Simili argomenti sono stati utilizzati anche dalla ormai risalente sentenza della Corte Costituzionale n. 352/2000, la quale aveva dichiarato non fondata una questione di costituzionalità relativa alla mancata estensione della causa di non punibilità dell’art. 649 c.p. anche al convivente more uxorio.

Tra l’altro, è bene chiarire che l’art. 649 c.p. non si limita ad escludere la convivenza di fatto dalle situazioni rilevanti ai fini della non punibilità, ma tralascia altresì ulteriori legami familiari che possono in concreto assumere una particolare rilevanza, quali il rapporto tra zio e nipote.
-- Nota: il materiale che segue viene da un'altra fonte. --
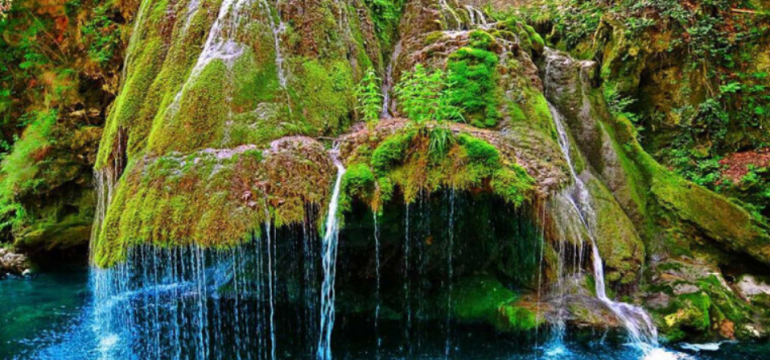 Polish_20210608_002224808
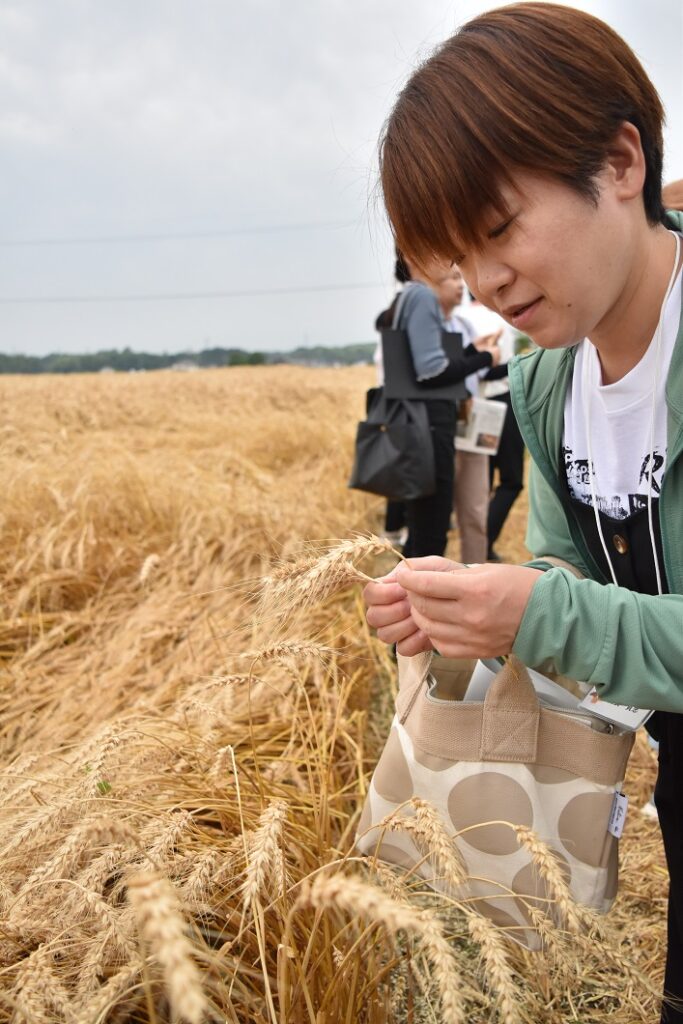 農商工協力で津山産小麦を普及推進/津山市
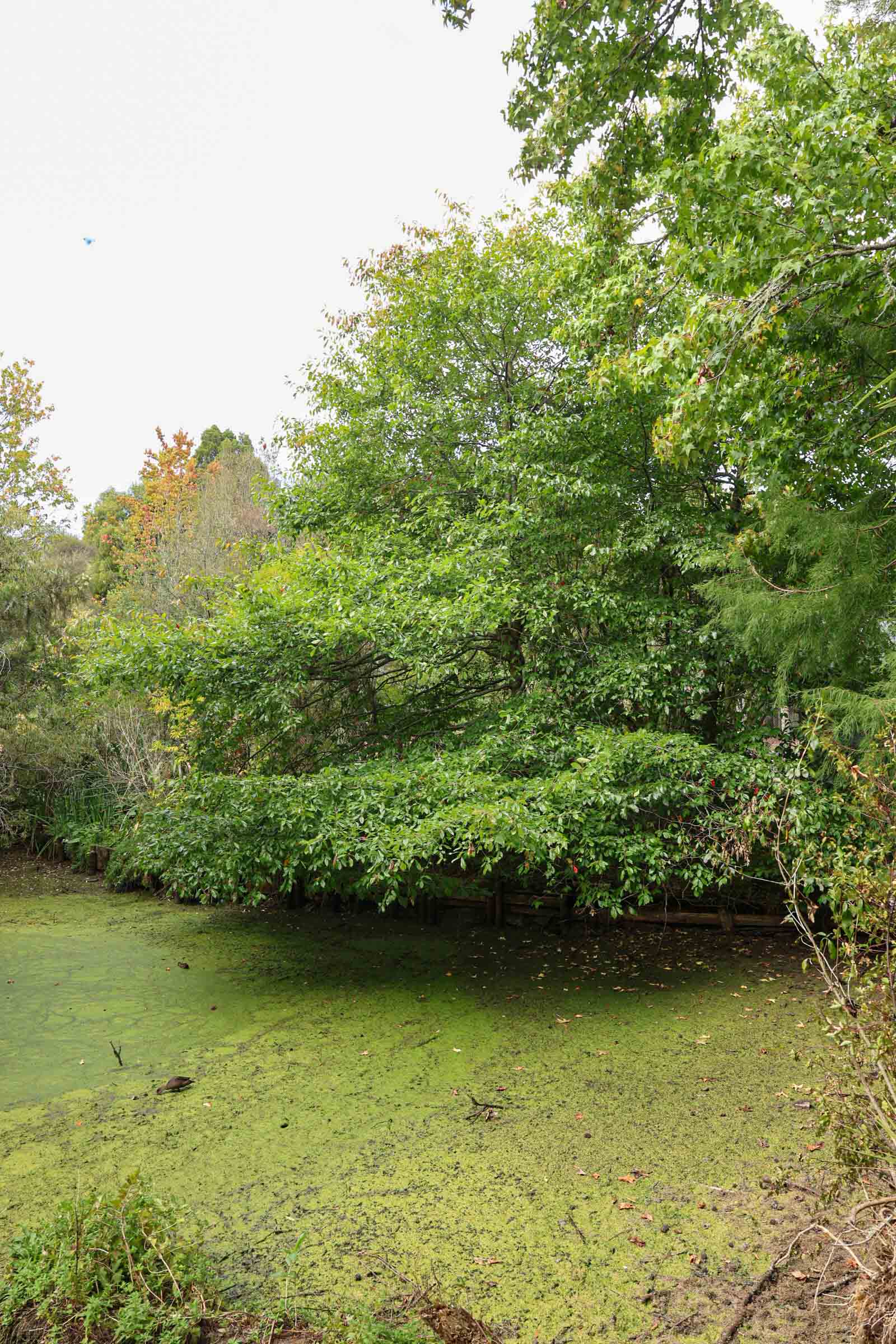Nyssa sylvatica - Black Tupelo by a pond in a park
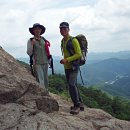 영산포홍어거리 이미지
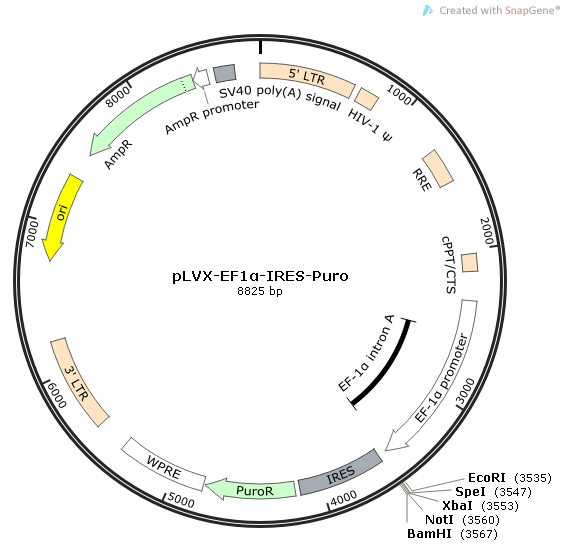 pLVX-EF1α-IRES-Puro 载体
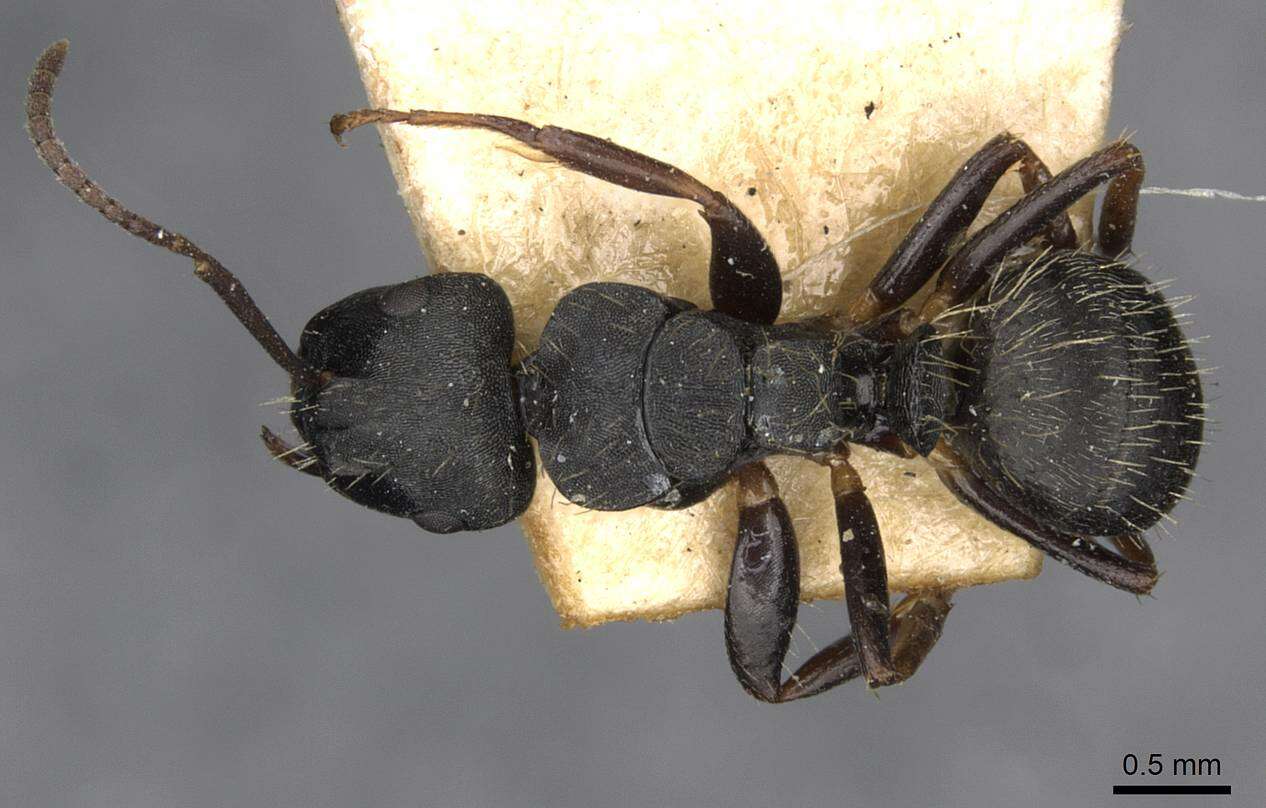 Plancia ëd Camponotus hedwigae Forel 1912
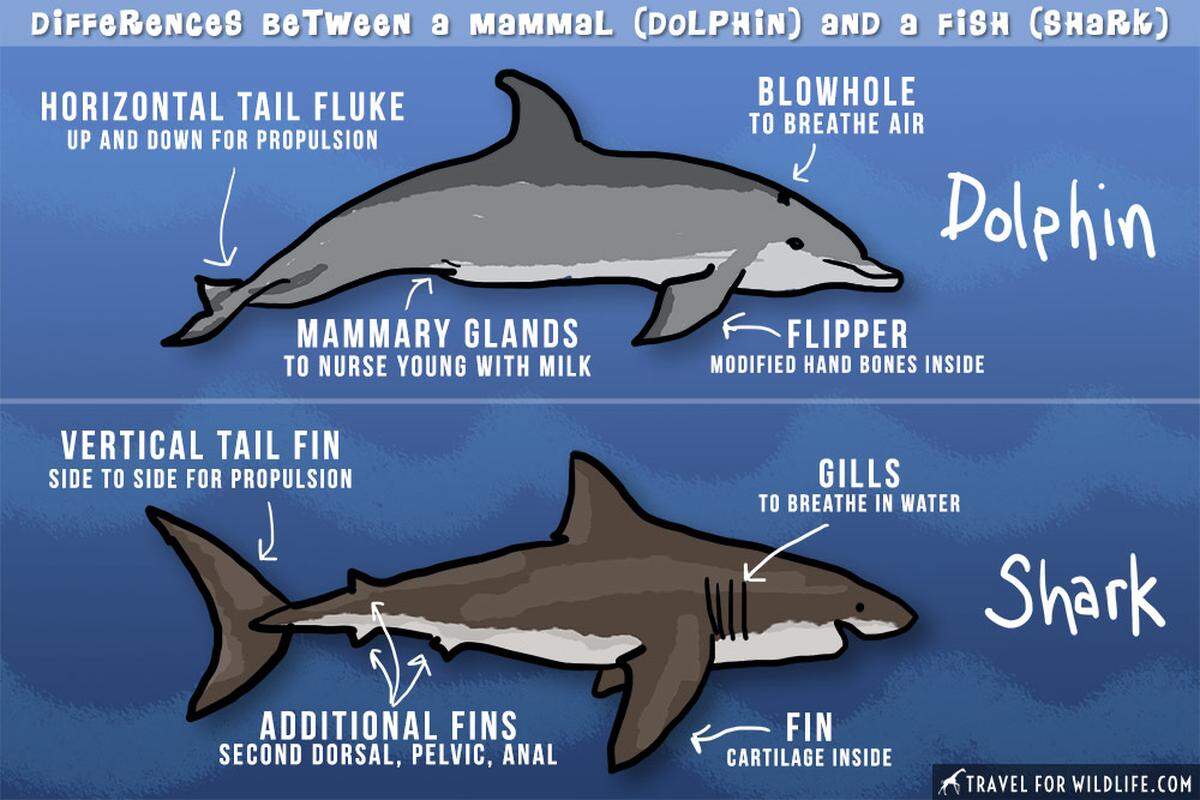 How to tell the difference between a dolphin and shark fin.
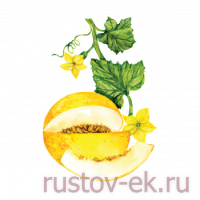 PROFFSYRUP Сироп Дыня Желтая - Кофейная компания Рустов-Екатеринбург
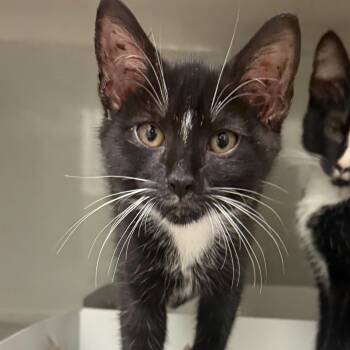 Zion -  Domestic Short Hair Cat for Adoption in Phoenixville, Pennsylvania - Zion | PetCurious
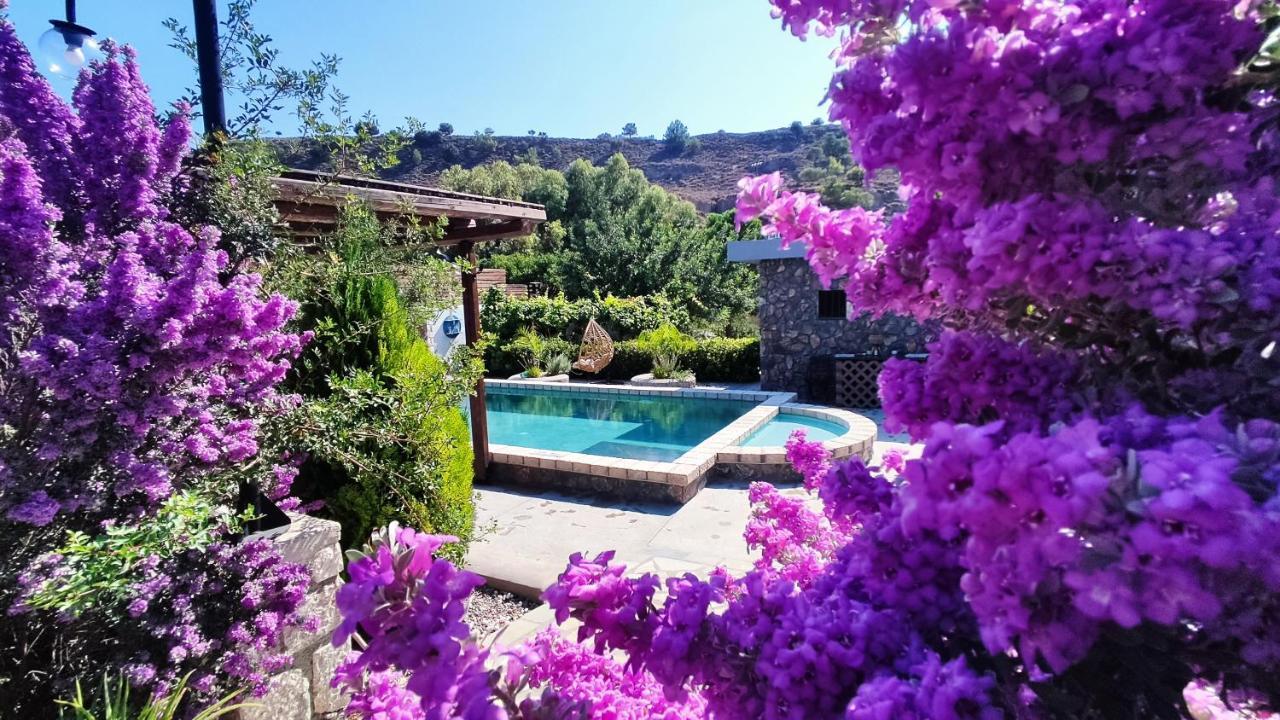 Aithonas Villa Archangelos  Bagian luar foto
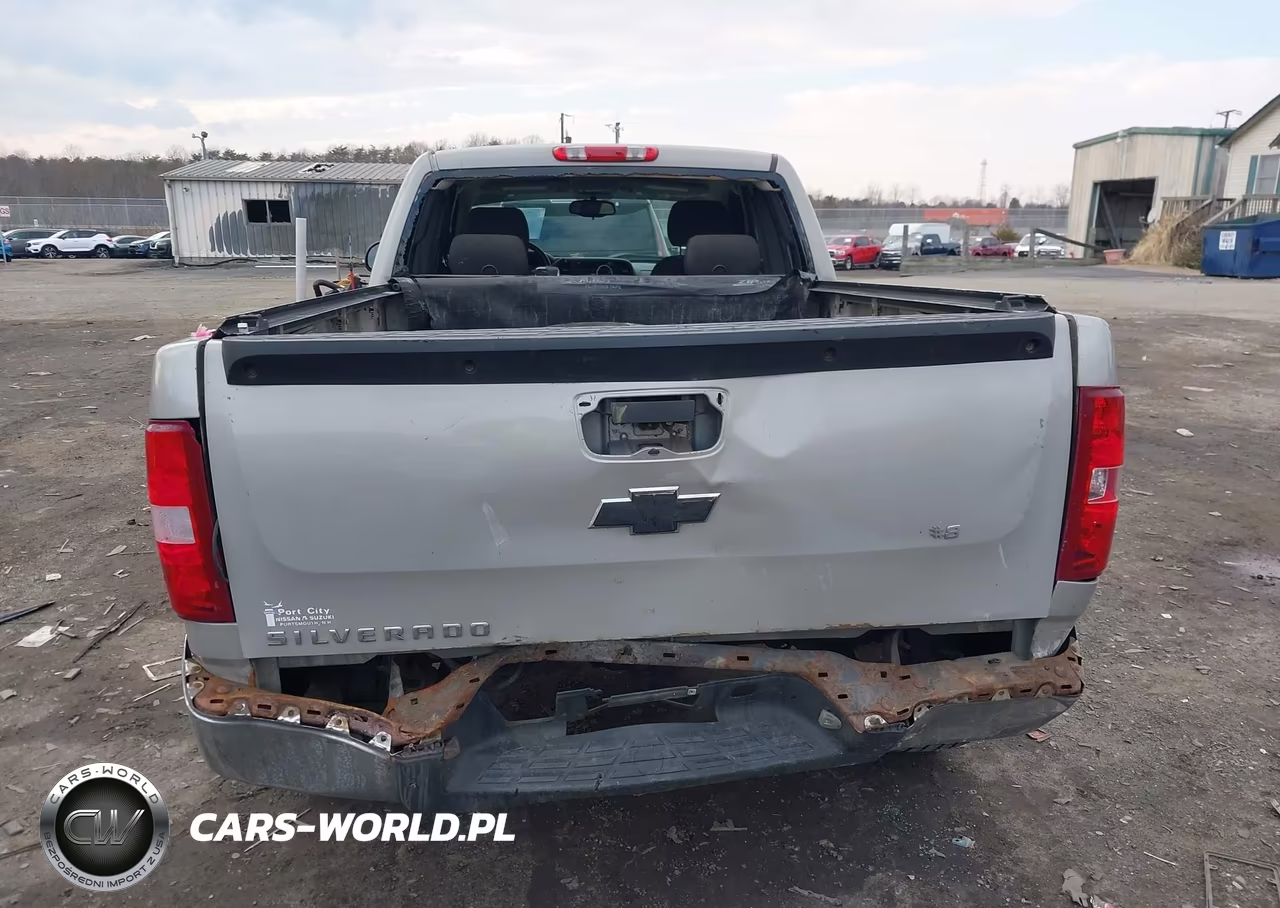 2009 Chevrolet Silverado 1500 Work Truck VIN:1GCEK19C09Z272883 - 6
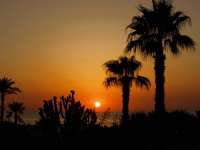 Venta - Bungalow - Chalet - adosado - A-GUARDAMAR DEL SEGURA - Sur (rotonda entrada)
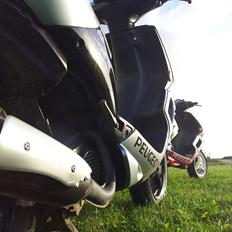 Peugeot speedfight 2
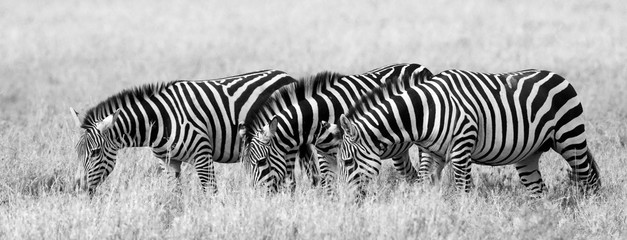 Fototapeta na wymiar Group of zebras in the savannah. Kenya. Tanzania. National Park. Serengeti. Maasai Mara. An excellent illustration.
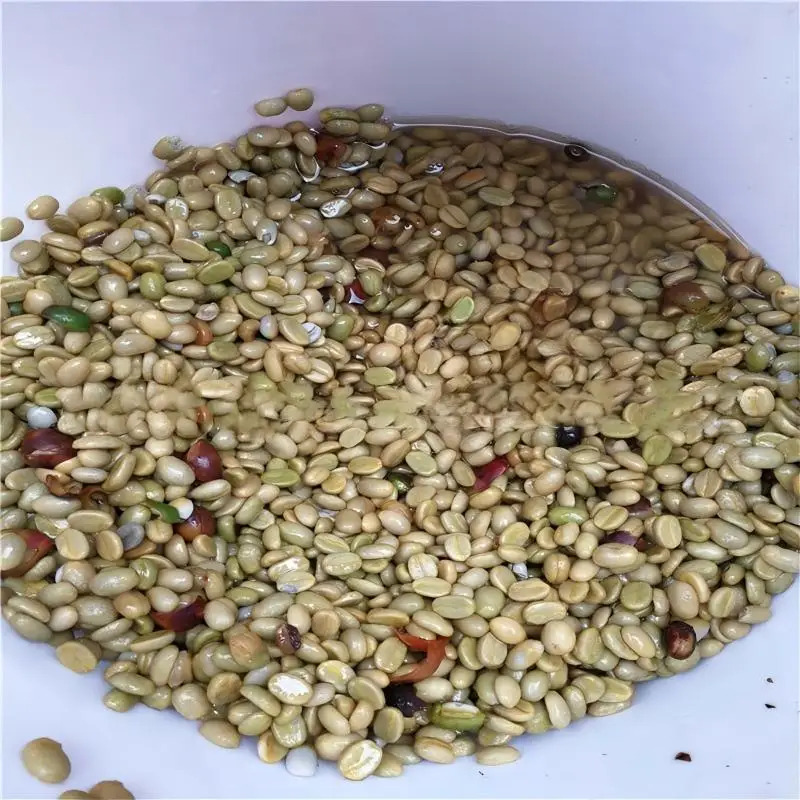 Specialty Parchment Coffee Roa - Coffee Equipment For Business recensie en prijs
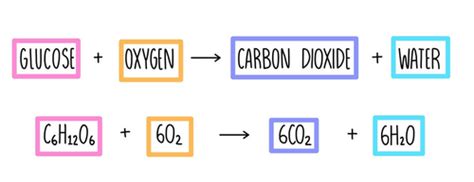 Science- Respiration in organisms (humans) Flashcards | Quizlet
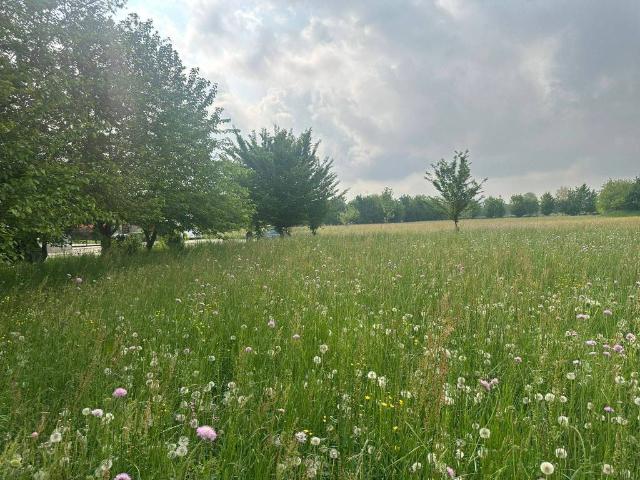 Terreno in vendita a Piemonte, Cuneo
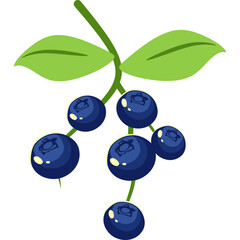 Blueberry Fruit Illustration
Peraltro, in alcune fattispecie richiamate dall’art. 649 c.p., l’elemento della coabitazione, considerato come uno dei requisiti costitutivi della convivenza dalla giurisprudenza, non risulta necessario ai fini dell’applicabilità della causa di non punibilità.

Per converso, la tesi estensiva non si misura con la ratio, del tutto peculiare, della norma in argomento, che differisce da quella sottesa all’art. 348 c.p. Infatti, come in precedenza affermato, se l’art. 348 c.p. costituisce il precipitato del principio generale di colpevolezza, l’art. 649 c.p. è, al contrario, espressione di una scelta discrezionale del legislatore, orientata all’esclusione della punibilità per particolari ragioni di opportunità. Di talché, non essendo quest’ultima norma espressione di un principio generale, bisogna affermarne la natura eccezionale e, di conseguenza, escluderne l’applicazione in via analogica, ai sensi dell’art. 14 prel. c.c. che vieta il ricorso all’analogia per norme eccezionali. Sul punto, è agevole osservare come l’applicazione dell’art. 649 c.p. alle convivenze di fatto – non espressamente previste – costituisca un’estensione analogica vietata, nonostante nel diritto penale sia ormai pacificamente ammessa l’analogia in bonam partem.

 

Conclusioni

La tesi restrittiva appare in linea con i principi che reggono l’attività interpretativa e il diritto penale. Purtuttavia non si può mancare di sottolineare come il costume sociale, negli ultimi anni, stia subendo costanti trasformazioni, delle quali il legislatore dovrebbe prendere atto con maggior consapevolezza. Il diritto di famiglia sta evolvendo in modo repentino e sarebbero auspicabili rapidi interventi del legislatore, più adeguati ai tempi e al sentire sociale, anche in ambito penale. Stante la lentezza dell’intervento legislativo, dovuto certamente alla delicatezza di queste tematiche, sarebbe necessario un intervento delle Sezioni Unite della Cassazione a risoluzione dell’illustrato contrasto, ovvero un nuovo intervento della Consulta, considerato che l’ultima pronuncia risale a più di vent’anni fa.